Die rechtlichen Regelungen und die technischen Grundlagen der Datensicherheit erscheinen Mundts Behörde "komplex, vielschichtig und schwer zu durchschauen". Damit der Datenschutz für die Nutzer eine größere Bedeutung für die Wahl ihrer Dienste bekommt, seien klare Maßgaben, Aufklärung und mehr Transparenz nötig. Hier könnte der öffentliche Dienst vorangehen, meint das Amt.

Ende 2021 hatte die Bundesnetzagentur erwogen, die Messengerdienste zur Interoperabilität zu zwingen. Damit sollten die Marktmacht dominanter Anbieter aufgebrochen und Abhängigkeiten reduziert werden. Whatsapp hatte zum Beispiel mit Stand 2021 in Deutschland einen Marktanteil von 93 Prozent. Wegen des im November 2022 in Kraft getretenen Europäischen Digital Markets Act (DMA) werden künftig große Internetplattformen dazu verpflichtet sein, Interoperabilität mit anderen Messenger-Diensten zu ermöglichen, schreibt nun das Bundeskartellamt. Interoperabilität könne den Wechsel zwischen verschiedenen Anbietern erleichtert und zu besseren Chancen für Neueinsteiger führen.
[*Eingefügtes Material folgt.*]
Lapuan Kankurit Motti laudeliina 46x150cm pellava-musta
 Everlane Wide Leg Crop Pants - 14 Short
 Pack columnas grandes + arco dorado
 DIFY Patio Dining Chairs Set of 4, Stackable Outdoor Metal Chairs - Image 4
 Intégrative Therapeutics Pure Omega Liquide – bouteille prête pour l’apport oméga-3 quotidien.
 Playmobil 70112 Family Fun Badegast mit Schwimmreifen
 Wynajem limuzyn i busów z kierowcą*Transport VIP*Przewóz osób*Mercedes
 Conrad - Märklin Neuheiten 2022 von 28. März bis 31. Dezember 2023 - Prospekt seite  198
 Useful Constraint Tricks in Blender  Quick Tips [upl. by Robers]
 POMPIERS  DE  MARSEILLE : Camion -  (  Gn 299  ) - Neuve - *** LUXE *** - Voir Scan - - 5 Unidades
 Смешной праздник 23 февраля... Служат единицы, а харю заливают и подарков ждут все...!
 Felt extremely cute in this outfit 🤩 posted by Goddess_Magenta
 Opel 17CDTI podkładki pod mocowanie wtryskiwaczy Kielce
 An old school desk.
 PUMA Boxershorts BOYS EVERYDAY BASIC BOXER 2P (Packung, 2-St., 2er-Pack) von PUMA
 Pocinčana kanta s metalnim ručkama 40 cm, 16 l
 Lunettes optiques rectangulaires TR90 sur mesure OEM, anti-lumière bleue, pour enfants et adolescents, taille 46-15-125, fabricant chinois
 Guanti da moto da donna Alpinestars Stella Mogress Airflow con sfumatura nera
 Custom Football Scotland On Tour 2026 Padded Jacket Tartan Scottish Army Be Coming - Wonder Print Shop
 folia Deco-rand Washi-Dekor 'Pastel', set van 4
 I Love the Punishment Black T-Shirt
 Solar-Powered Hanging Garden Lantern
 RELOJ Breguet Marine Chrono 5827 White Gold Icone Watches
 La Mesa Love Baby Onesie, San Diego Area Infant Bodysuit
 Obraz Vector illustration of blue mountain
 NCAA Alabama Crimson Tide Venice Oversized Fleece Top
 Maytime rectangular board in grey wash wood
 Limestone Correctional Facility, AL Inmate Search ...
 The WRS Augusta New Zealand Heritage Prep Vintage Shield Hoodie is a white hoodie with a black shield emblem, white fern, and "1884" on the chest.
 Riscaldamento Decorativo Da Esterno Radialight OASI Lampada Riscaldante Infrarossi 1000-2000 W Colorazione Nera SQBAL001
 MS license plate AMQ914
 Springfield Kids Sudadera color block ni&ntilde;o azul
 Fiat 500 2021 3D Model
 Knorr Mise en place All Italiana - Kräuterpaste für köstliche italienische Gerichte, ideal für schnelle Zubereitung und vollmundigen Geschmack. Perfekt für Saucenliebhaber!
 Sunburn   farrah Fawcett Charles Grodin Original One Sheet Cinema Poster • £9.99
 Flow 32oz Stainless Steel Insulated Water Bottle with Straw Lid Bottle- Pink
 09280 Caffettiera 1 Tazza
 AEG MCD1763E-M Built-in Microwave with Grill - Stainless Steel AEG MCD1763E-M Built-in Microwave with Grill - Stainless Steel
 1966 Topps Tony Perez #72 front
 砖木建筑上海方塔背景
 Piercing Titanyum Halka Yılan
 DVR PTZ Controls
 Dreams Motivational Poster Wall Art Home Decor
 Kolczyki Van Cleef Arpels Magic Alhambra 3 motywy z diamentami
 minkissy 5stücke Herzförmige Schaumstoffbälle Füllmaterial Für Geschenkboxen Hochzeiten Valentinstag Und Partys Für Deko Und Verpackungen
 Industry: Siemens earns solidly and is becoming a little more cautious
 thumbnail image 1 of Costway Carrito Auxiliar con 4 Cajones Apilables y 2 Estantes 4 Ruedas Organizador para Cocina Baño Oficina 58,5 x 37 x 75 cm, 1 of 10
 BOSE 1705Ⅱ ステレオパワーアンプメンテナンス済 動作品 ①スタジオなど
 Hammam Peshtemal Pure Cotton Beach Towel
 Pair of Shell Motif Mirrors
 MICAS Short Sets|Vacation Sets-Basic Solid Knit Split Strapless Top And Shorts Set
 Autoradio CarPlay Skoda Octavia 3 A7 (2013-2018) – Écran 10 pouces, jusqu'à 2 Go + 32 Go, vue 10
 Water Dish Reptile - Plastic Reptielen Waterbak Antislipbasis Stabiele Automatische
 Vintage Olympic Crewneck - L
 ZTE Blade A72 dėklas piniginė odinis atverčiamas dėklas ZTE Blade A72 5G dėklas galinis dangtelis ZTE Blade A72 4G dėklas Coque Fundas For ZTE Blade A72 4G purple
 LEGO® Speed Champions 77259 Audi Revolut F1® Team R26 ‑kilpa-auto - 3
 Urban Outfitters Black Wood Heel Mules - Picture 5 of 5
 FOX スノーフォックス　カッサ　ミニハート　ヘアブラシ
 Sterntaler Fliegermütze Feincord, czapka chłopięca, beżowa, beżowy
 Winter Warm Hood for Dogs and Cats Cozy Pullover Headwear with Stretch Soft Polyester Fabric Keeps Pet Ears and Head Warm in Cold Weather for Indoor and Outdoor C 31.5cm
Allerdings könnten sich die für die Interoperabilität nötigen Standardisierungen auch negativ auf die Innovationsbereitschaft und damit den Wettbewerb zwischen den verschiedenen Anbietern auswirken, meint das Bundeskartellamt. Zudem entstünden neue Risiken durch technische Herausforderungen bei der Datensicherheit, insbesondere bei der Verschlüsselung sowie bei der Datenüberwachung und -verantwortung. Das alles bei geringerer Transparenz für die Verbraucher.

Das Bundeskartellamt hat die "Sektoruntersuchung Messenger- und Video-Dienste" im November 2020 angefangen. Es hat dafür nach eigenen Angaben mehr als 40 in Deutschland verfügbare Dienste ausführlich befragt. Hinzu kommen Expertengespräche sowie die Auswertung verschiedener Studien.